Masked multi-head attention calculates the attention weights by computing the dot product between the query and the key and stabilizing the term. This process is represented through the following equation.
$$
a[\mathbf{x}_m, \mathbf{x}_n] 
= \text{softmax}_m\left[ \frac{\mathbf{k}_m^{T} \mathbf{q}_n }{\sqrt{d_k}} \right]
$$
Where: 
- $\sqrt{d_k}$ is the embedding dimension (stabilizes term)

However, masked multi-head attention ensures that the current token that it's calculating the attention weight for can only interact with previous tokens. Therefore for any computed attention weights for tokens past the current token, it replaces it with negative infinity.

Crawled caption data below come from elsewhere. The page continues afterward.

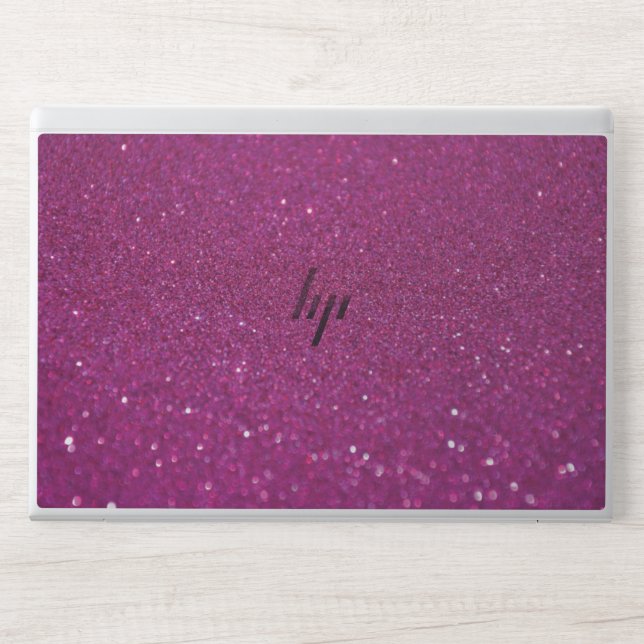 Glitter HP EliteBook 840 G5/G6, 745 G5/G6 HP Laptop Skin (Front)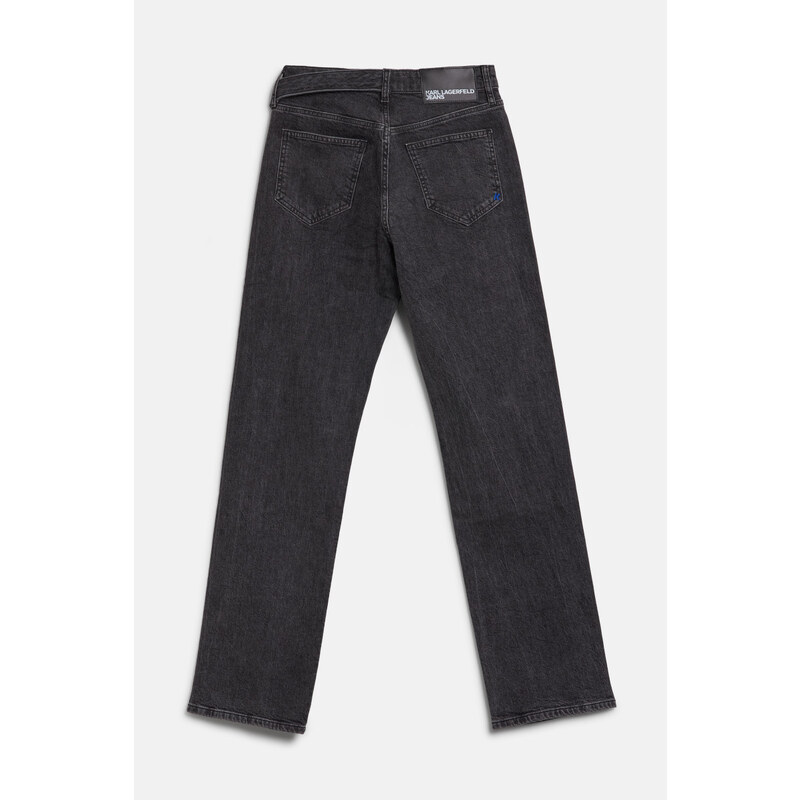 DŽÍNSY KARL LAGERFELD JEANS KLJ HR STRAIGHT WB DENIM
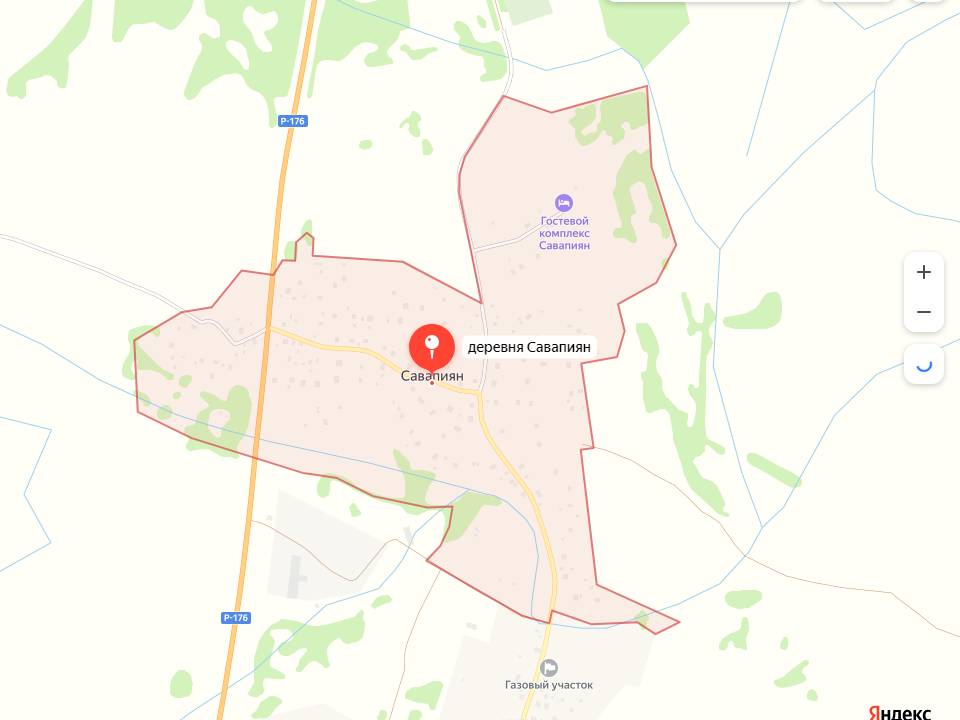 деревня Савапиян.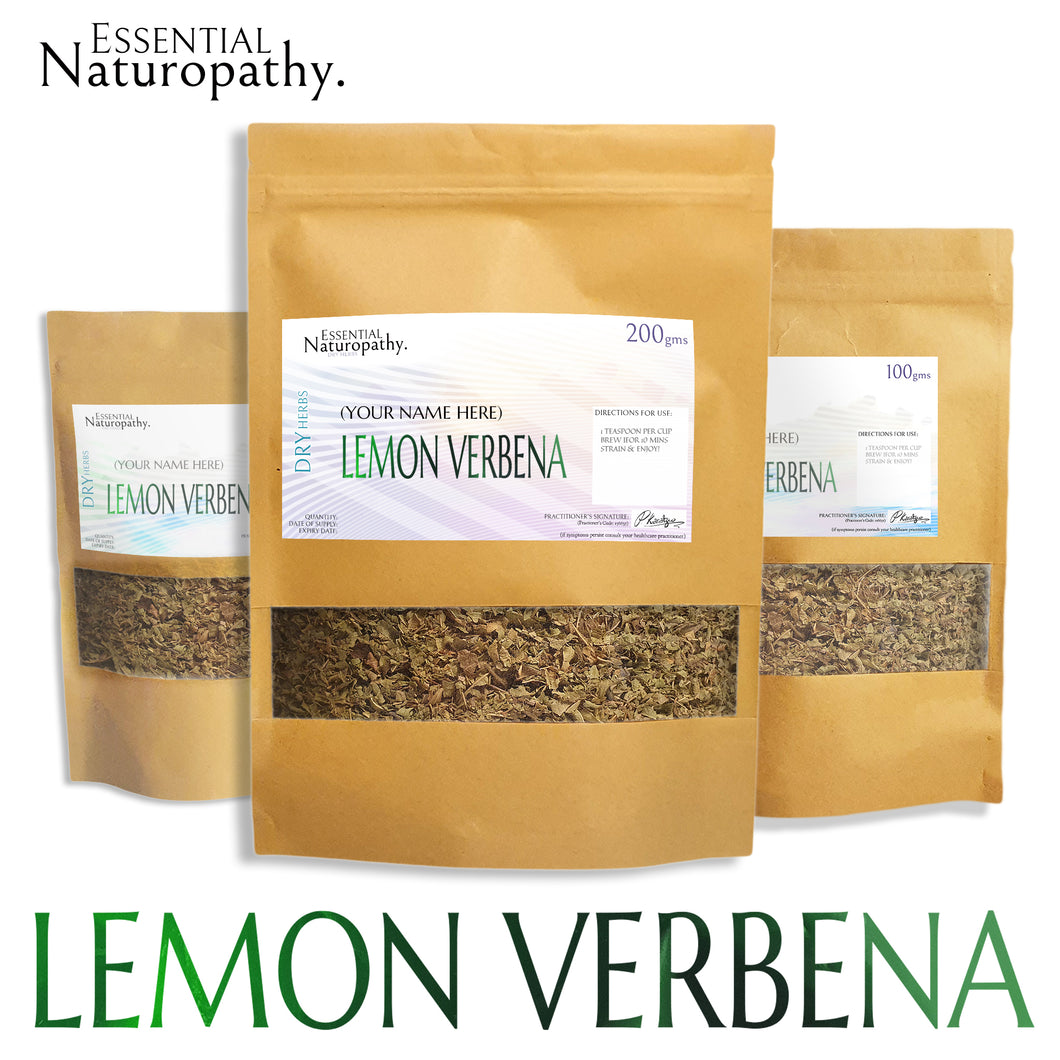 Lemon Verbena Tea - Certified Organic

This ensures that when the attention weights are passed through the softmax function, the attention weights return 0 and prevent them from interacting.

## Decoder Layer
Using the masked multi-head self-attention mechanism, we are now able to define a decoder layer in the decoder.

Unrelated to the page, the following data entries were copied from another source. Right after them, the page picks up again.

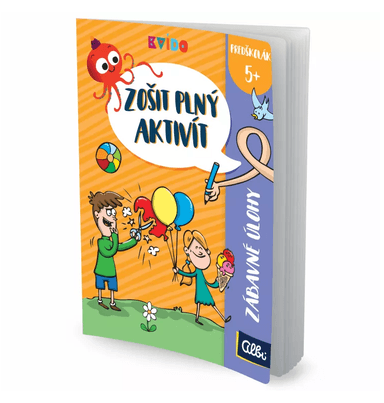 KVÍDO Zošit plný aktivít 5+ 91993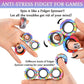 Wholesale Magnetic Rings Fidget Toy, Fidget Spinner Rings for Relief, Printed Finger Fidget Toys - HOT!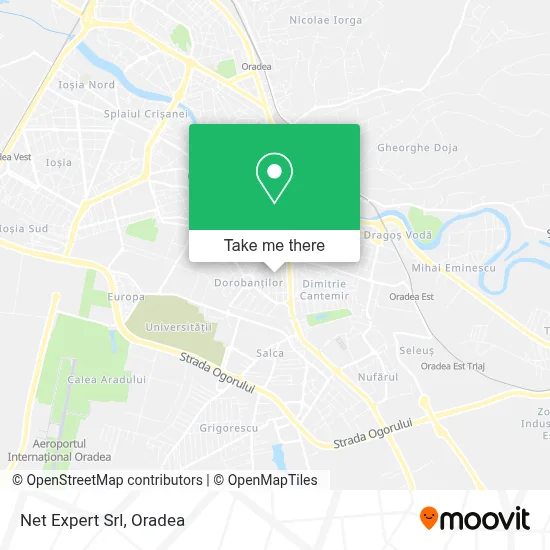 Net Expert Srl map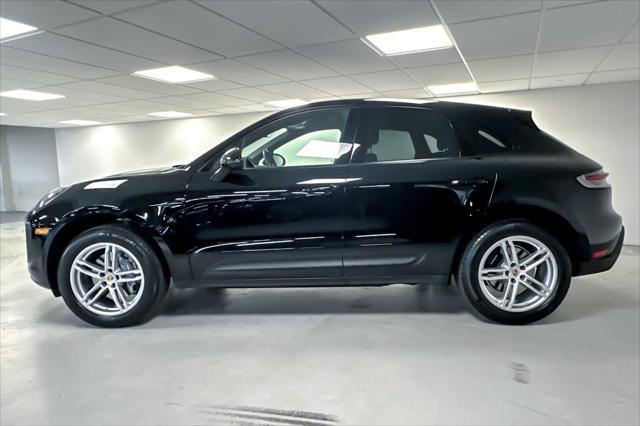 used 2024 Porsche Macan car, priced at $59,573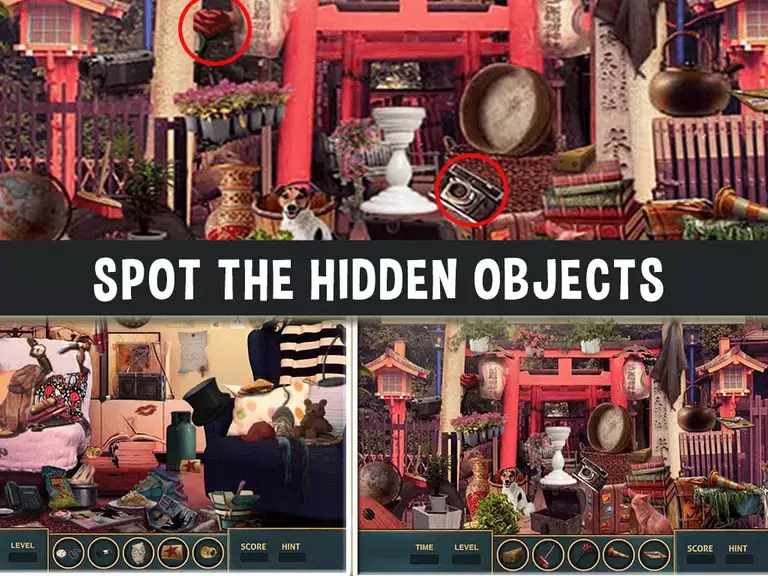 Crime Case :Hidden Object Game スクリーンショット 2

### Masked Multi-Head Self Attention Weights
The input embeddings are used to compute the **masked multi-head self-attention weights**, which are computed through the following formula:
$$
\mathbf{X} \leftarrow \mathbf{X} + \mathrm{MaSa}[\mathbf{X}] \\
$$
Where: 
- $\mathbf{X}$ represents the input of the decoder layer
- $\mathrm{MaSa}[\mathbf{X}]$ represents the masked multi-head self-attention output

### LayerNorm
The computed weights are then normalized through **LayerNorm**, which is represented as:
$$
\mathbf{X} \leftarrow \mathrm{LayerNorm}[\mathbf{X}] \\
$$
Where: 
- $\mathrm{LayerNorm}$ stabilizes the X value by normalizing the mean and variance

### Multi-Head Self-Attention Weights
After stabilizing the weights, the **multi-head self-attention weights** are computed:

$$
\mathbf{X} \leftarrow \mathbf{X} + \mathrm{MhSa}[\mathbf{X}] \\
$$
Where: 
- $\mathbf{X}$ represents the input of the decoder layer
- $\mathrm{MhSa}[\mathbf{X}]$ represents the multi-head self-attention output

<ins>Note</ins>: The input of the mutli-head self attention depends on whether the transformer is an encoder-decoder or a decoder-only transformer. For an encoder-decoder transformer, the computed keys and values of the encoder is used as the input to the multi-head self attention of the decoder (Intuitvely, contextualized input embeddings are given to the decoder). For a decoder-only transformer, the keys and values comes from the decoder itself.

### LayerNorm
After computing the multi-head self attention weights, the weights are normalized again through **LayerNorm**, which is represented as follows: 

$$
\mathbf{X} \leftarrow \mathrm{LayerNorm}[\mathbf{X}] \\
$$

### Feed Forward Network
After stabilizing the multi-head self attention weights, these values are inputted into a **feed forward network**. This is represented as: 
$$
\mathbf{x}_n \leftarrow \mathbf{x}_n + \mathrm{mlp}[\mathbf{x}_n] \\
$$

Where: 
- $\mathbf{x}_n$ represents a row from the vector $\mathbf{X}$
- $\mathrm{mlp}[\mathbf{x}_n]$ is a fully connected neural network that takes $\mathbf{x}_n$ as its input

Essentially, this equation is passing each computed $\mathbf{X}$ value through a fully connected neural network and returning its output. 

### LayerNorm
Finally, the output of the fully connected neural network is passed through a **LayerNorm** to normalize the output value's mean and variance. The equation is represented as:
$$
\mathbf{X} \leftarrow \mathrm{LayerNorm}[\mathbf{X}]
$$

**<ins>Note</ins>**: 
For equations 
$$
\mathbf{X} \leftarrow \mathbf{X} + \mathrm{MhSa}[\mathbf{X}] \\
$$
$$
\mathbf{x}_n \leftarrow \mathbf{x}_n + \mathrm{mlp}[\mathbf{x}_n] \\
$$

Notice how $\mathbf{X}$ is added back to the first equation and $\mathbf{x}_n$ is added back to the second equation. These represent residual networks because they add the original input into the final output of the equation, allowing it to preserve past information.

## Decoder Output
The decoder layer outputs a contextualized matrix of the input embeddings of the decoder, which contains input embeddings, positional encoding, masked self-attention weights, and encoder-decoder attention. The matrix is passed through a linear layer, which returns a score for all the possible continuations of the output sequence. These scores are passed through the softmax function and the token is selected based on the selection algorithm.